→ Description of the task
In the entries below, find the line with "How To Use The" and the line with "Programmierer Spruch - Bandana"; reproduce those two lines and all lines between them exactly, without pictures.

→ Data for the task
※ ※ ※
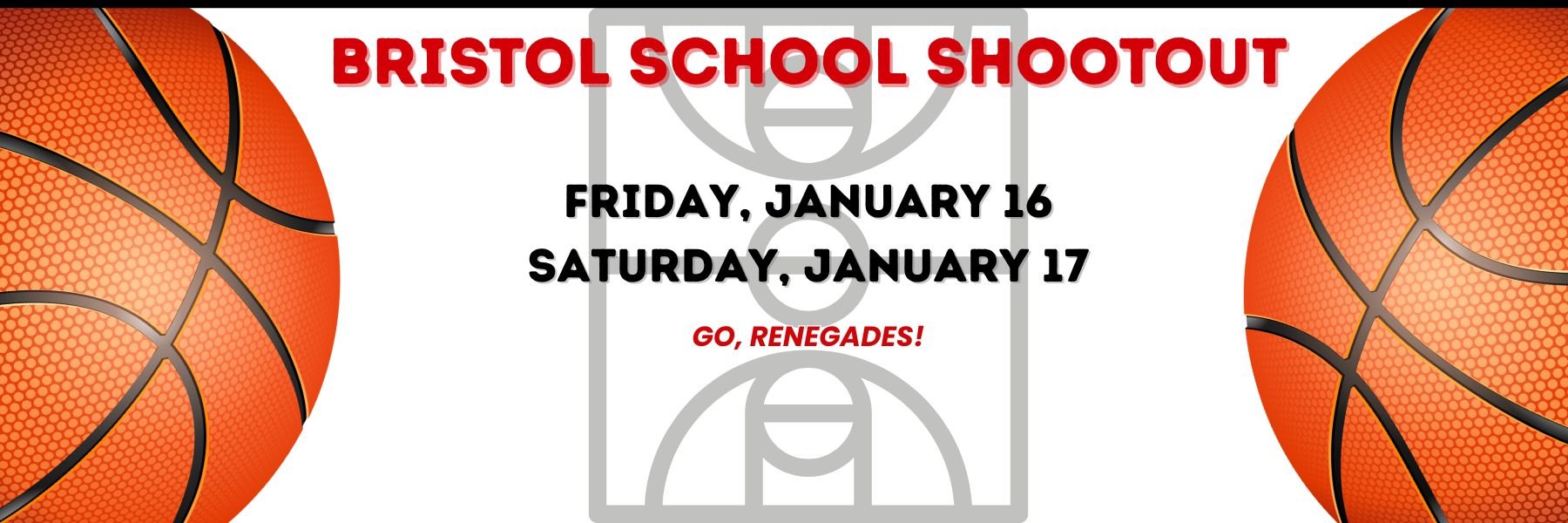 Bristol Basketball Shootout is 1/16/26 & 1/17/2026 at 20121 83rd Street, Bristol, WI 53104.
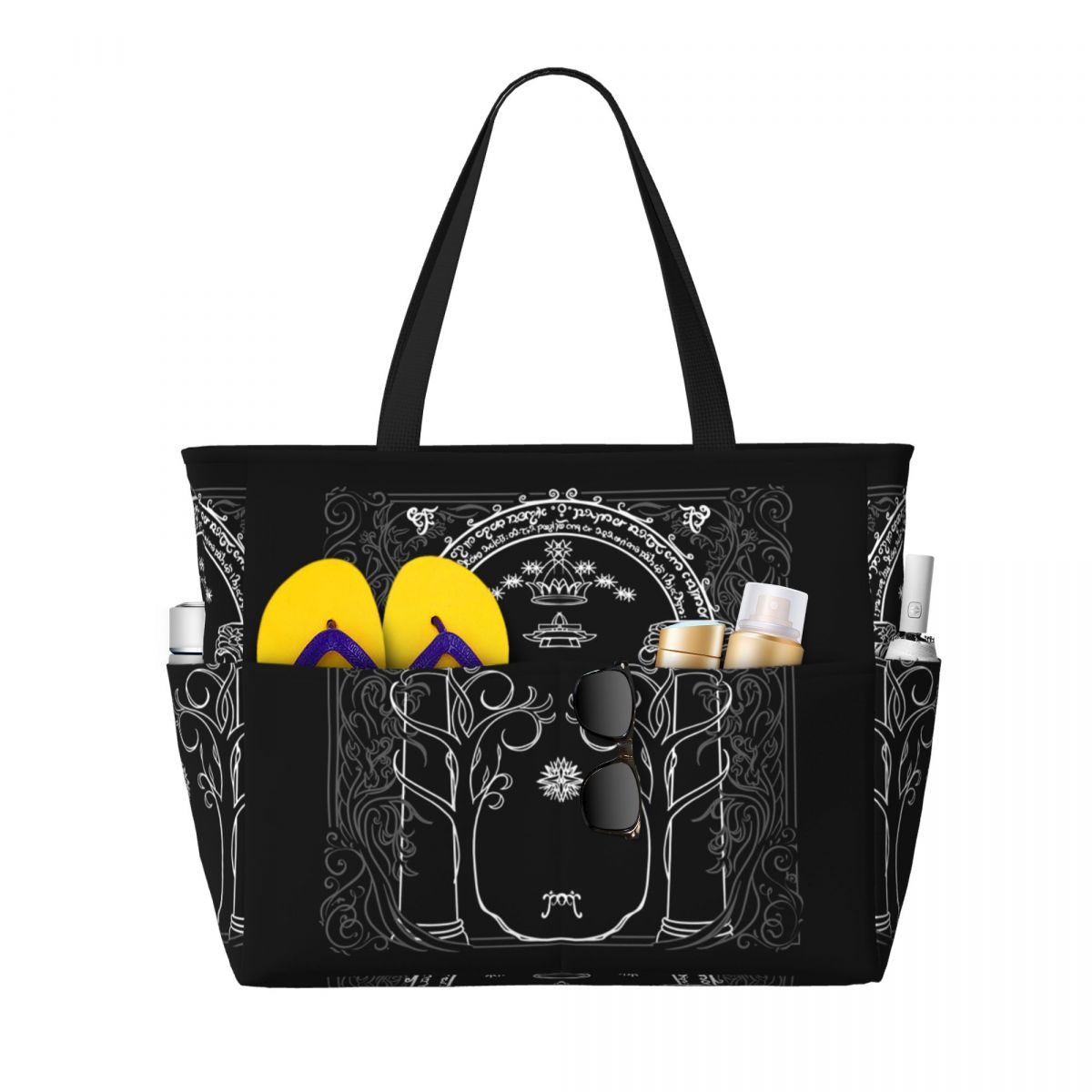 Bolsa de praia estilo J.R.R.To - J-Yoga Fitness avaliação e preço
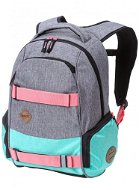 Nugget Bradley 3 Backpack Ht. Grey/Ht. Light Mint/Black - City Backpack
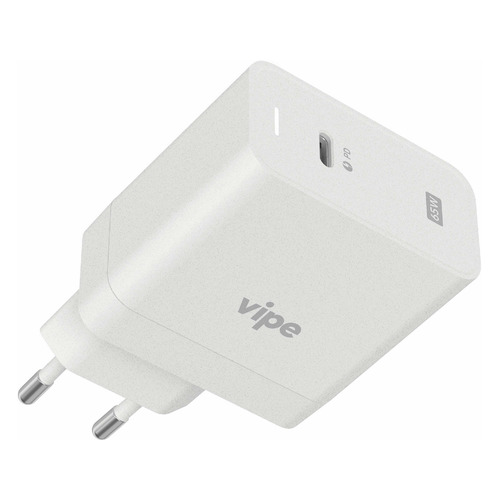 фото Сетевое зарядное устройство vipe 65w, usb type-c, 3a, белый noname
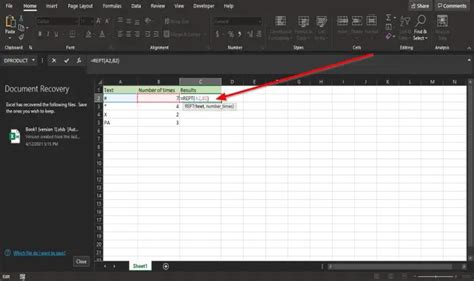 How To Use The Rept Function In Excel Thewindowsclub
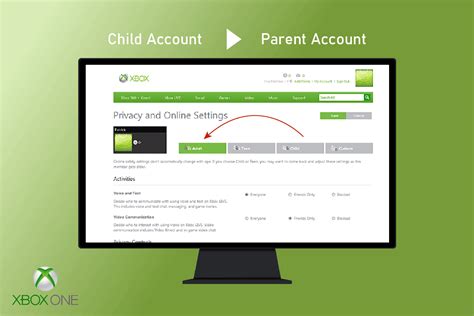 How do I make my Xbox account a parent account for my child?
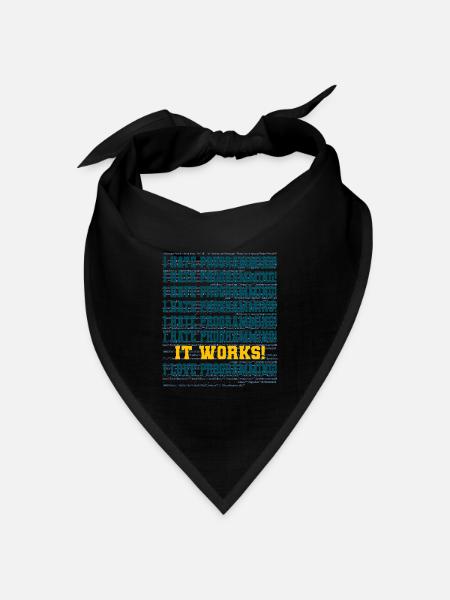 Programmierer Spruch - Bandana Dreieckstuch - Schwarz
※ ※ ※
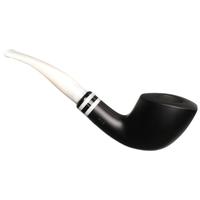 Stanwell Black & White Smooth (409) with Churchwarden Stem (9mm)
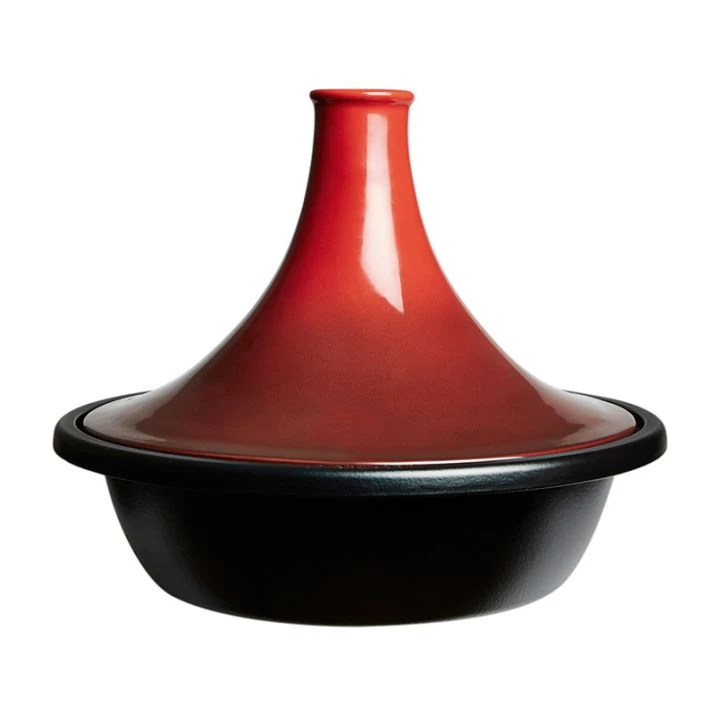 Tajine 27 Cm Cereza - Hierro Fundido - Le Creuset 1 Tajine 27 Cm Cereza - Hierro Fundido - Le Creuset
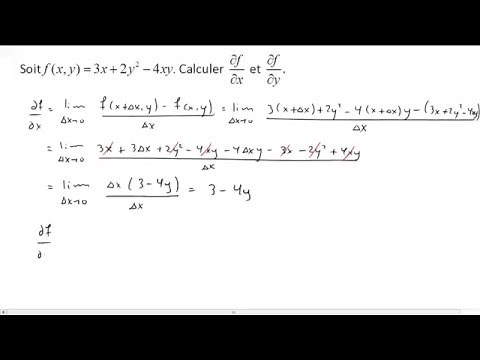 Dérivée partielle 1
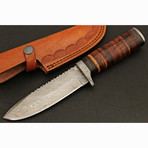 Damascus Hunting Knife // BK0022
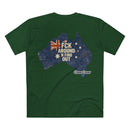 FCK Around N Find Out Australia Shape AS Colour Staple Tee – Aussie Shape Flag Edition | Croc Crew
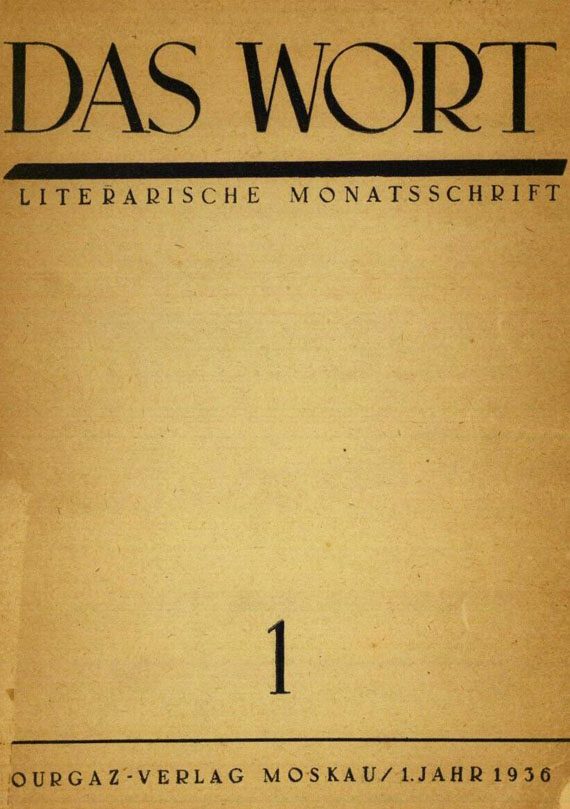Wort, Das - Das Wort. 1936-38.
※ ※ ※
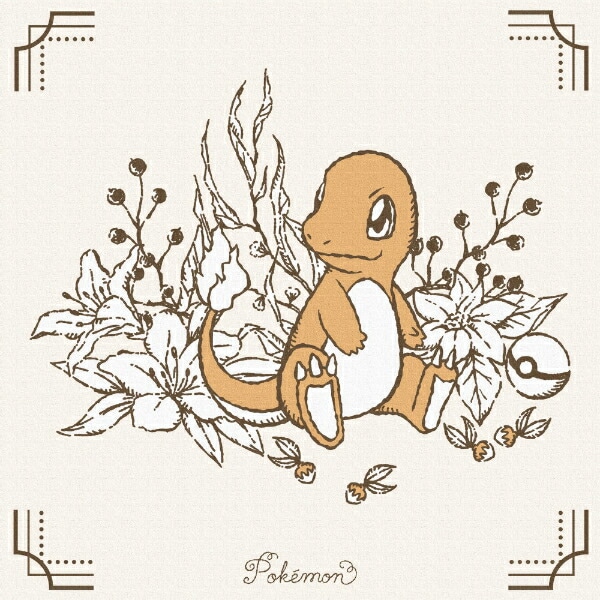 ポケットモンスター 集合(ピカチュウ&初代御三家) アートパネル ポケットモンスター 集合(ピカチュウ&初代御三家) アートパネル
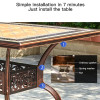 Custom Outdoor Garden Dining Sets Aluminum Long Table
※ ※ ※
→ Result below
 How To Use The Rept Function In Excel Thewindowsclub
 How do I make my Xbox account a parent account for my child?
 Programmierer Spruch - Bandana Dreieckstuch - Schwarz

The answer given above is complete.